# Winnings from Camacho Event



## tx_tuff (Jun 16, 2007)

I won this awesome ashtray, and like Troy likes to call it a trip to Camacho Camp around Feb


----------



## Ceedee (Jun 2, 2006)

WOW! That is BEAUTIFUL Frank! Nice win there, no doubt! Man, how sweet is that? :dribble:

CD


----------



## Webmeister (Jun 12, 2007)

That is an absolutely awesome ashtray Frank! I'd love to have one of those, but of course I would never want to sully it with ashes. Great score brother!

:biggrin:


----------



## g8trbone (Apr 26, 2007)

Dude, that is sweet. A trip to Camp Camacho would be pretty damn cool as well! Awesome!


----------



## tx_tuff (Jun 16, 2007)

Thats SOB is heavy too! It pays to be lucky instead of good sometimes LOL


----------



## JoeyBear (Jul 31, 2007)

tx_tuff said:


> Thats SOB is heavy too! It pays to be lucky instead of good sometimes LOL


That's my mantra!! That's also a sweet friggin ashtray!
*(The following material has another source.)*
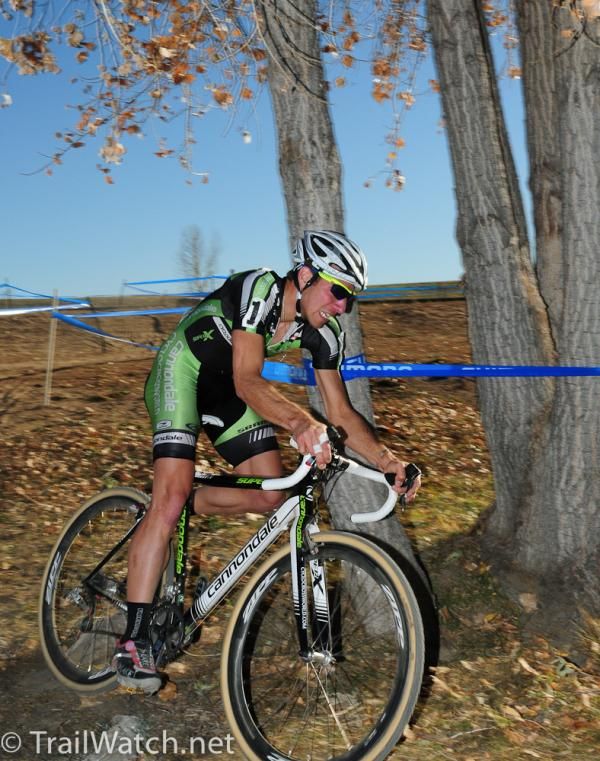 Jeremy Powers (Cannondale-cyclocrossworld.com) opened a sizable lead within one lap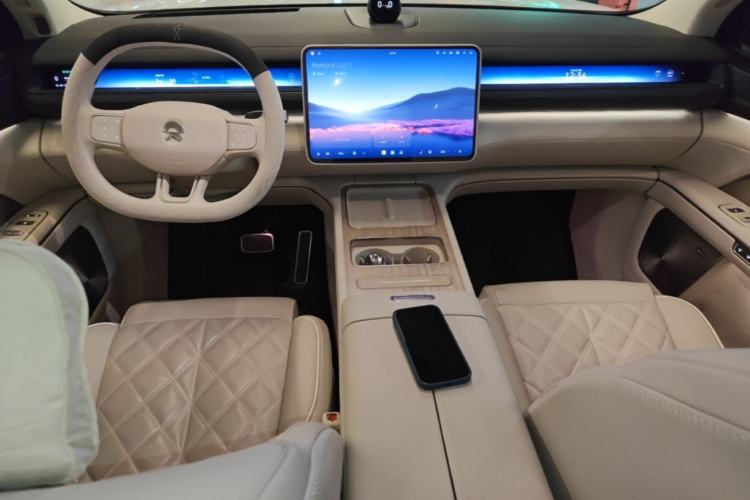 Used Nio ES8 2026 Model 6-seat Executive Signature Edition Center Console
Get three more and you've got a set of hubcaps


----------



## Tha Criddler (Jul 26, 2007)

That thing is manly!


----------



## tobacmon (May 17, 2007)

Very nice tray there Frank---Nice!


----------



## mrgatorman (Mar 23, 2007)

Frank...thats some prize...very very nice. almost dont want to use it...just sit and look.


----------



## Maduro PiPs (Jul 5, 2007)

That is awesome Frank! Such an amazing ashtray!!!!


----------



## Marlboro Cigars-cl (Feb 19, 2007)

Beautiful ashtray!!


----------